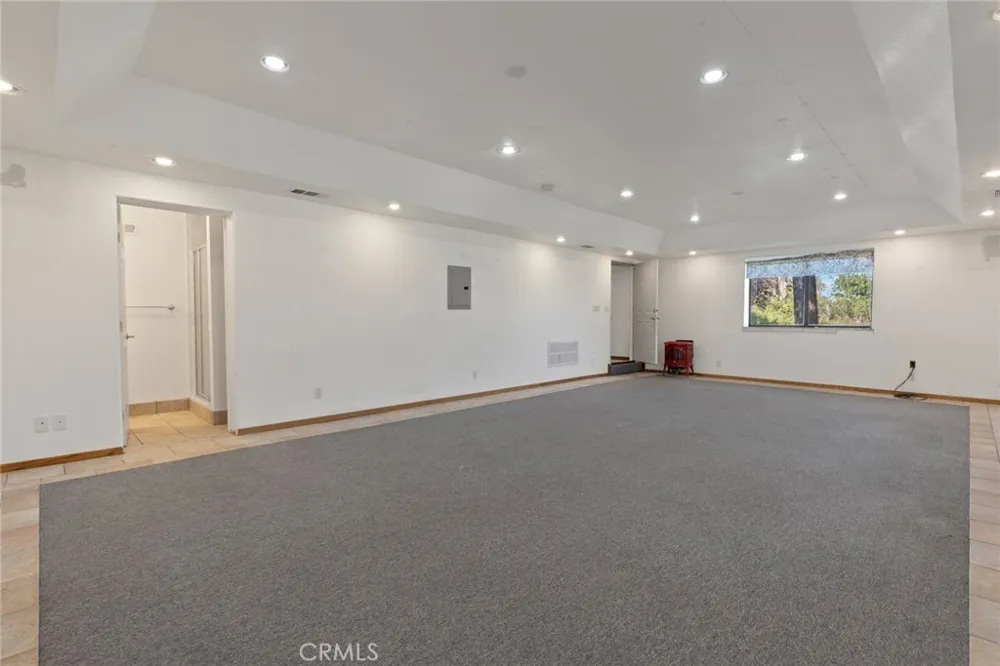 3 Town Hill Way Berry Creek, CA 95916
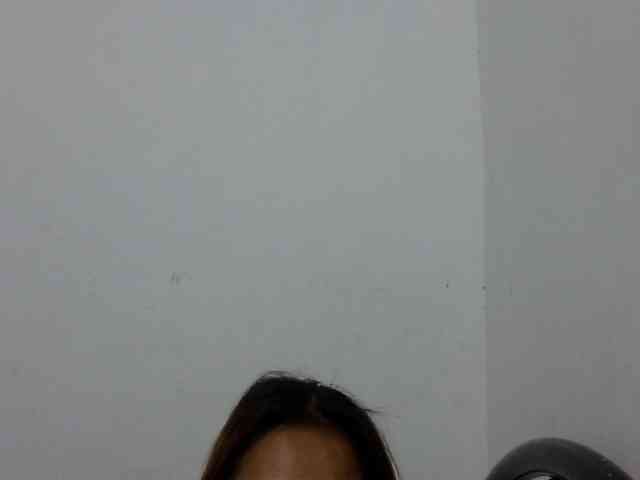 Bunnygreen webcam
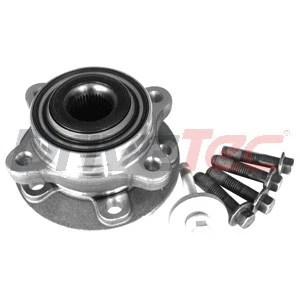 Kit de roulements de roue DriveTec DWB1388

▸ **YOUR ASSIGNMENT**
Leave out all pictures and extract exactly the lines from the line with "Bunnygreen webcam" through the end of the material.

▸ **RESULT OF THE TASK**
 Bunnygreen webcam
 Kit de roulements de roue DriveTec DWB1388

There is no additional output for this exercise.